Some people are comparing the show to Showtime's "Weeds," about a suburban housewife that gets involved with selling marijuana, and hopefully, "Breaking Bad" will reach that level of success. Its creator is former "X-Files" scribe Vince Gilligan.

STRIKE UPDATE: The WGA issued a statement a few hours after the Directors Guild and the AMTMP reached a preliminary agreement.

"Now that the DGA has reached a tentative agreement with the AMPTP, the terms of the deal will be carefully analyzed and evaluated by the WGA, the WGA's Negotiating Committee, the WGAW Board of Directors, and the WGAE Council," the statement said. "We will work with the full membership of both Guilds to discuss our strategies for our own negotiations and contract goals and how they may be affected by such a deal.

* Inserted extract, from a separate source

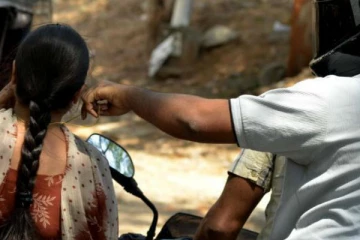 தங்கச்சங்கிலியுடன் வழிமாறி பொலிஸ் நிலையத்துக்குள் ஓடிய திருடன்!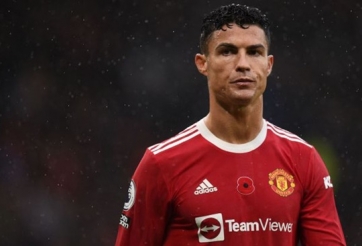 Ronaldo muốn rời MU, Carragher và Neville phát biểu 'cà khịa' nhau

For over a month, we have been urging the conglomerates to return to the table and bargain in good faith. They have chosen to negotiate with the DGA instead. Now that those negotiations are completed, the AMPTP must return to the process of bargaining with the WGA. We hope that the DGA's tentative agreement will be a step forward in our effort to negotiate an agreement that is in the best interests of all writers."

While the new agreement may provide a framework for the WGA and the AMTMP to work with, it's important to remember that the DGA had a better deal with the producers to begin with, what with proprietary credit on movies and all. But hopefully this is a step in the right direction in terms of ending the strike soon.

WEEKEND'S BEST BETS: I'm pretty sure CBS burns up all its new episodes this weekend with a whole-new night of "Ghost Whisperer," "Moonlight" and "Numb3rs."

Also new are "Friday Night Lights" (NBC, 9 p.m.) and "Las Vegas" (NBC, 10 p.m.)

Over on cable, Sci-Fi has new episodes of "Flash Gordon" beginning at 8 p.m. and "Stargate Atlantis" at 9 p.m., while sister network USA is airing new installments of "Monk" and "Psych" beginning at 9 p.m.

On Sunday, for those with no interest in the NFL playoffs, "The Amazing Race" (CBS, 8 p.m.) concludes while there's more Jane Austen on "Masterpiece: Northanger Abbey" (PBS, 9 p.m.)

1 comment:

zodin2008 said...

I have to say, my wife & I watched "Breaking Bad" this morning (Monday) and loved it. I paused the episode to say I hope the Emmy/Globe folks pay attention to Bryan Cranston's performance. It was fantastic.

But it shows an embarrassment of riches when it comes to amazing lead actor performances in Dramas all over television....James Gandolfini, Kiefer Sutherland, Edward James Olmos, Cranston, Jon Hamm, Kyle Chandler, Michael Chiklis, Denis Leary, Michael C. Hall, Vincent D'onfrio, Bill Paxton, etc, etc.

It makes you just wonder how in God's namepeople like James Spader and Hugh Laurie win.